Je profite de la mise en place du groupe pour m’hydrater, me restaurer et saluer une autre amie brésilienne de Gabriel venue de Lyon que j’ai déjà eu l’occasion de croiser à plusieurs reprises. C’est au moment où je finis mon premier morceau de pizza que commence le concert, j’abandonne mon assiette encore pleine au bord de la piste pour emplir celle-ci de danseurs. J’entame une première danse avec une partenaire assez grande, ayant l’expérience d’autres danses mais pas du forro. Elle arrive bien à suivre et nous passons tout les deux un bon moment. Je profite de l’arrivée de Chloé sur la piste pour danser avec elle.

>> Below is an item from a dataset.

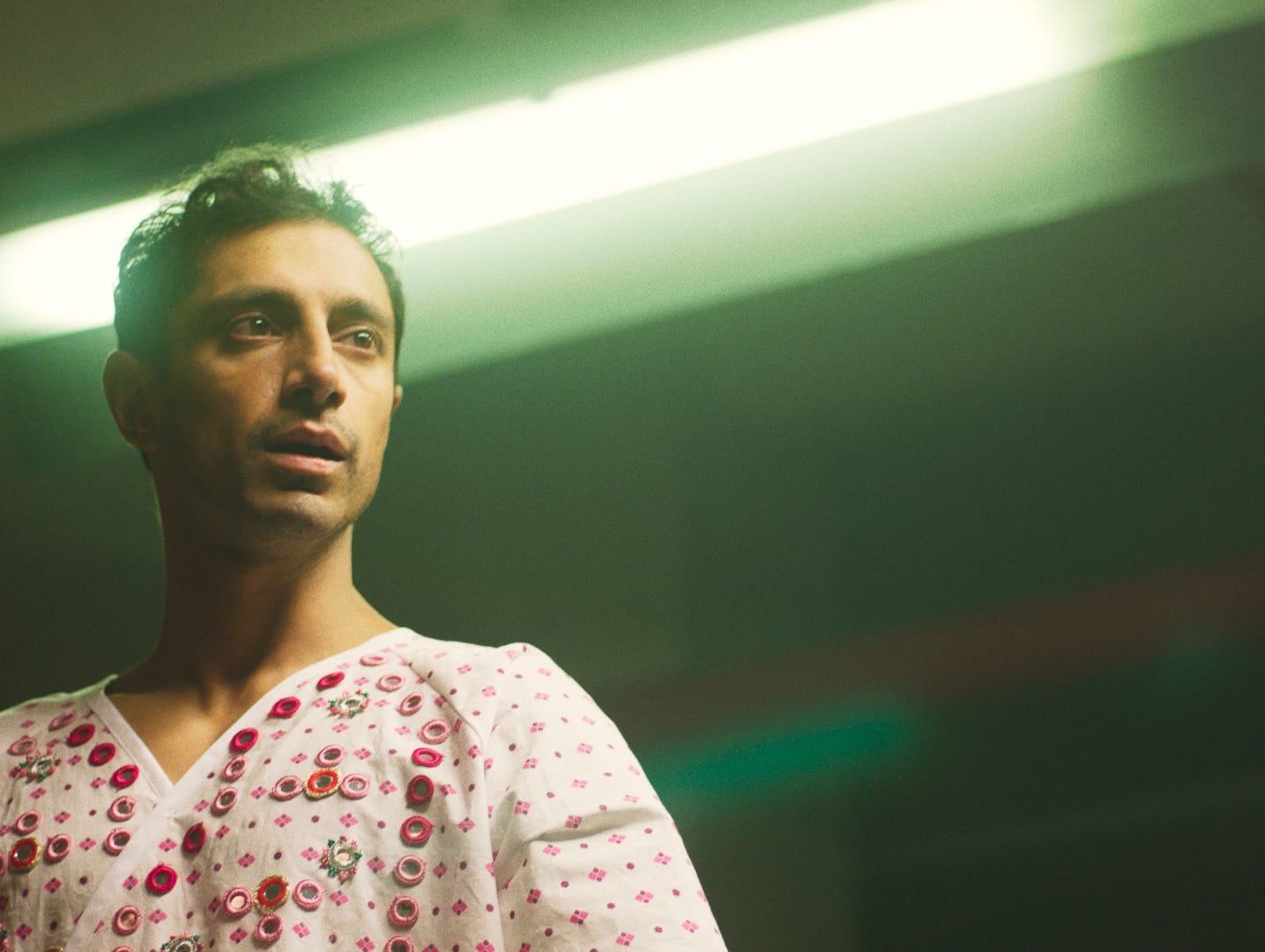 Actor Riz Ahmed in the movie "Mogul Mowgli," standing in front of a flourescent light while wearing a hospital gown.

Groupe Forrofa accompagné de danseurs


Les danses s’enchaînent, les rythmes se succèdent, la nuit tombe et avance jusqu’au moment où les feux d’artifices des villages des monts du lyonnais éclatent au loin, certains plus proches que d’autres, en musique, dans une ambiance détendue sur les derniers morceaux du groupe tout en sautillant sur la piste avec Rémi. Après un criant rappel, le groupe laisse place à une ambiance musicale toujours brésilienne sortant d’un ordinateur avant de laisser place à une scène ouverte, d’où se déclament poèmes, texte rappé et chant a cappella ou en karaoké. Deux poèmes d’amours punk tordants s’enchaînent, une membre du collectif chante une chanson de sa composition magnifique, puis je prends le micro pour chanter Casa da floresta de Nanan, sans accompagnement, tout de suite accompagné par Stéphane, de l’autre côté de la scène, pour les refrains.

Danse nocturne sautillante

S’ensuit un retour vers la brasserie de la Soyeuse pour raccompagner Chloé qui y est hébergée, puis une marche nocturne en solitaire pour rejoindre la ferme de Rontal’unisson avant de m’installer et m’endormir dans le salon dortoir du collectif.